Sitemap + KB Topic Discovery: Build a Daily Topic Engine

Most teams chase keywords like a stock ticker. Feels busy. Looks official. But the work that moves the needle sits inside your four walls. Your sitemap already encodes what you sell and how you talk about it. Your Knowledge Base already holds the facts that make your story credible. When you turn those two sources into a daily topic engine, you stop guessing and start shipping.

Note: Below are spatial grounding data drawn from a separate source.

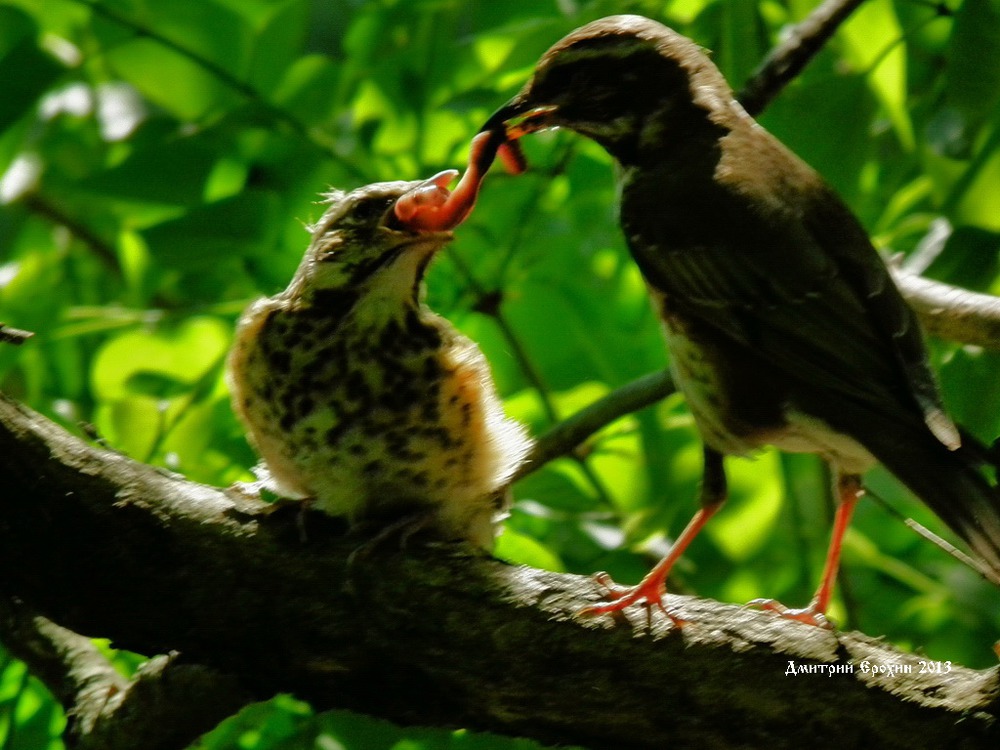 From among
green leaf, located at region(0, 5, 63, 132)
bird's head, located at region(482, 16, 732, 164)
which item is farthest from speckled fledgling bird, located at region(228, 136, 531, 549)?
green leaf, located at region(0, 5, 63, 132)

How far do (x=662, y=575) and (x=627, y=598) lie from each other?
0.23 m

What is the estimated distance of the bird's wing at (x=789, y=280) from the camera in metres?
2.87

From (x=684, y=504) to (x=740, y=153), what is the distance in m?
1.12

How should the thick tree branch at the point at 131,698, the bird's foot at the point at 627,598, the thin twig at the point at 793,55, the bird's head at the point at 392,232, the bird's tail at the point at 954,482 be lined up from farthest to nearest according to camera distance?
the thin twig at the point at 793,55 < the bird's head at the point at 392,232 < the thick tree branch at the point at 131,698 < the bird's foot at the point at 627,598 < the bird's tail at the point at 954,482

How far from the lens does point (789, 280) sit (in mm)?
2965

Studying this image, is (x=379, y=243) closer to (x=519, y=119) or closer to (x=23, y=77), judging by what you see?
(x=519, y=119)

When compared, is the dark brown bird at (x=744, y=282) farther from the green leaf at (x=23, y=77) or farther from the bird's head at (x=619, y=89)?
the green leaf at (x=23, y=77)

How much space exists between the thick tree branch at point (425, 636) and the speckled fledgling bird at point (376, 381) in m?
0.38

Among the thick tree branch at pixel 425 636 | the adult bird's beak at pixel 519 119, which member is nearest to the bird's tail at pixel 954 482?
Result: the thick tree branch at pixel 425 636

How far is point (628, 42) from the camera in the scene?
321 cm

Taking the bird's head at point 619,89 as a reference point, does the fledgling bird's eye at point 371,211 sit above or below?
below

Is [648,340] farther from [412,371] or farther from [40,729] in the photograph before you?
[40,729]

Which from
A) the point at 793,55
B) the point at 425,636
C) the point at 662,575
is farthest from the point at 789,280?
the point at 425,636

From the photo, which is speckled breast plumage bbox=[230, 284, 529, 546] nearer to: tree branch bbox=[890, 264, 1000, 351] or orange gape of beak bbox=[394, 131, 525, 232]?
orange gape of beak bbox=[394, 131, 525, 232] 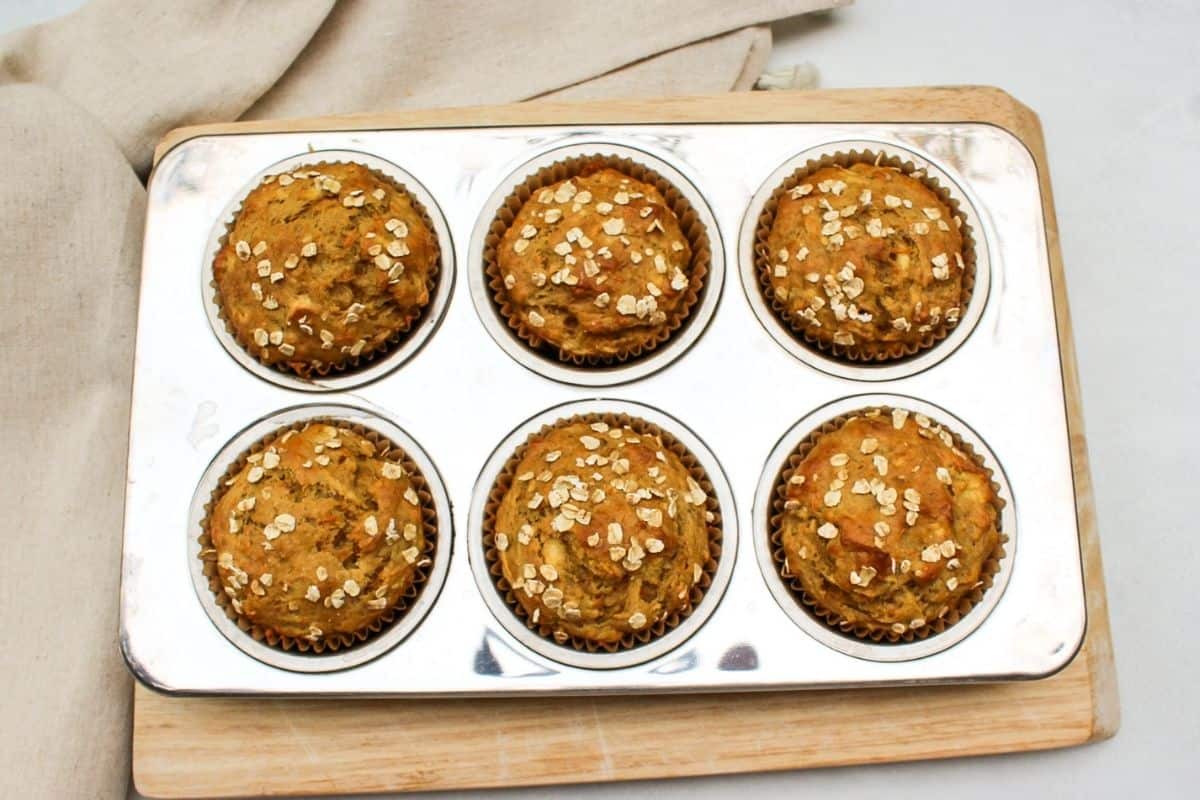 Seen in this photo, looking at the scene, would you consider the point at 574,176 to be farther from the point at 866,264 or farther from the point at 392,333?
the point at 866,264

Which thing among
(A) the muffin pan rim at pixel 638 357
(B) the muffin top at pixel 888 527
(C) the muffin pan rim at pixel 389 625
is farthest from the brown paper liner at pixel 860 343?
(C) the muffin pan rim at pixel 389 625

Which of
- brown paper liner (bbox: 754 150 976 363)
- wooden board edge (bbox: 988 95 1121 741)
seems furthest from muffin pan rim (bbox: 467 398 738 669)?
wooden board edge (bbox: 988 95 1121 741)

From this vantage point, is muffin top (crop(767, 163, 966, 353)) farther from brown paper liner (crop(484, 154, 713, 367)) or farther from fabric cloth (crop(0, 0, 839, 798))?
fabric cloth (crop(0, 0, 839, 798))

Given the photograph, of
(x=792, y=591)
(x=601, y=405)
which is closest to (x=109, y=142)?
(x=601, y=405)

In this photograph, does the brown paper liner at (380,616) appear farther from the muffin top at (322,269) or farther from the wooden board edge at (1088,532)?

This is not about another dashboard or a new spreadsheet. It is about a simple, governed system that discovers topics from your sitemap and KB every morning, scores them, and pushes approved ones into production. Fewer arguments. Fewer ad hoc requests. More high-quality content, on brand, at a steady cadence.
Key Takeaways:
- Convert sitemap nodes and KB entities into a queryable topic universe you can score and ship
- Run three practical gap-detection patterns weekly or daily to fill coverage holes fast
- Apply a repeatable scoring function that prioritizes on-brand, KB-backed topics
- Use a Topic Bank with approvals, capacity limits, and requeue rules to prevent overload
- Keep governance tight with canonical entities, freshness signals, and auditability
- Automate the flow from discovered topic to published post without external monitoring
Why External Keyword Chasing Slows Real Content Ops
Your sitemap and KB are the highest-signal sources you are ignoring
Most teams think keyword volume is the signal. It is not. Your sitemap is a living map of what your market sees from you, and your KB is the canonical truth of what you do. Together they beat noisy public data because they are specific, timely, and governable.

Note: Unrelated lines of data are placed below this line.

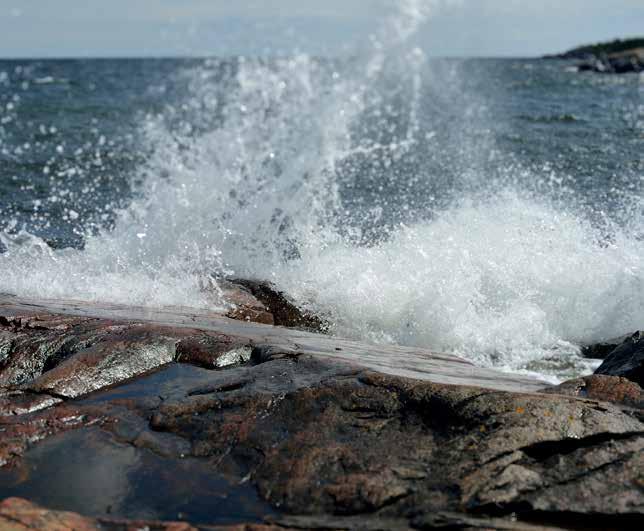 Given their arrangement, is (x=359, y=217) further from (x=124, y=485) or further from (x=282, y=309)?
(x=124, y=485)

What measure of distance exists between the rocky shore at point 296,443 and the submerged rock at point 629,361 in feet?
0.08

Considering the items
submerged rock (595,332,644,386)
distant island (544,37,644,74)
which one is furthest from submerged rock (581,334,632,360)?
distant island (544,37,644,74)

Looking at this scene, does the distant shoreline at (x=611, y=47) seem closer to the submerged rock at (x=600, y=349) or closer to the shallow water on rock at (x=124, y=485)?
the submerged rock at (x=600, y=349)

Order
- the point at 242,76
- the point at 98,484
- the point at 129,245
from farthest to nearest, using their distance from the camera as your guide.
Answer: the point at 242,76, the point at 129,245, the point at 98,484

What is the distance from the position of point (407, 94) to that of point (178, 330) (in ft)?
72.0

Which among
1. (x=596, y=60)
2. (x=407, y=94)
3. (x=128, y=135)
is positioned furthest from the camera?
(x=596, y=60)

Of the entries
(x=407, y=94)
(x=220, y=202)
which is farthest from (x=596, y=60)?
(x=220, y=202)

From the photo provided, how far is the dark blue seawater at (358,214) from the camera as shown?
6.73 m

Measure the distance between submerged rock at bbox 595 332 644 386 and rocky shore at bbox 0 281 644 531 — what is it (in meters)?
0.02

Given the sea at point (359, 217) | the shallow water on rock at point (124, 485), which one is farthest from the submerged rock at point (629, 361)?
the shallow water on rock at point (124, 485)

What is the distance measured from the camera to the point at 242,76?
28.4 meters

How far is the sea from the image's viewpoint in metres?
6.68

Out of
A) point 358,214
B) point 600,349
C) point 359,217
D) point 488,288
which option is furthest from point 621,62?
point 600,349

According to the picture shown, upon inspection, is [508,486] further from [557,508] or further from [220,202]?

- Treat the sitemap as your market-facing intent. Each node is a promise to a user.
- Treat the KB as your factual backbone. It keeps claims accurate, reduces rewrites, and protects brand safety.
- Build topics from these two inputs first, then let search confirm fit later. Not the other way around.
Want a clean way to unify these sources? Start by centralizing entities and voice rules in brand intelligence. That makes your KB the single source of truth for names, claims, and narratives.
Public volumes miss what matters most in B2B
B2B intent is sparse and oddly phrased. Public tools smooth over nuance, undercount long-tail phrases, and rename your features. Internal docs show real user language, objections, and product terms straight from sales and support.
- Example: “workspace-scoped webhooks” from your docs will outperform “webhook guide” for your audience, even if volume says otherwise, because it matches your product reality and your buyers’ exact questions.
If you want to prioritize consistently, use your internal signals. A structured engine can surface what matters without chasing vanity metrics. See how a system frames prioritization with a focus on what to ship using the visibility engine.
The contrarian bet: an internal-only daily engine
Here is the promise. Build a repeatable pipeline that turns sitemap nodes and KB entities into scored topics every morning. No external data required to get started.
- Automate mapping: connect pages to KB entities and canonical concepts.
- Detect gaps: query what is missing or outdated, then stage candidates.
- Enrich: add angles, intents, and KB-backed claims.
- Score: rank by business relevance, confidence, freshness, and effort.
- Approve: push the best into production and keep the queue lean.
One caution. Bad inputs make bad outputs. Keep your sitemap tidy, your KB current, and your entity naming stable. If you want that flow to end in a publish-ready asset, design your work to move cleanly into a governed publishing pipeline.
Curious what this looks like in practice? Request a demo now.
The Real Problem Is Unmapped Entities, Not Missing Ideas
Inventory the system: export and normalize sitemap and KB entities
You do not lack ideas. You lack a map. Start by building two clean inventories you can query.
- Export sitemap_nodes: url, slug, title, h1, tags, created_at, updated_at.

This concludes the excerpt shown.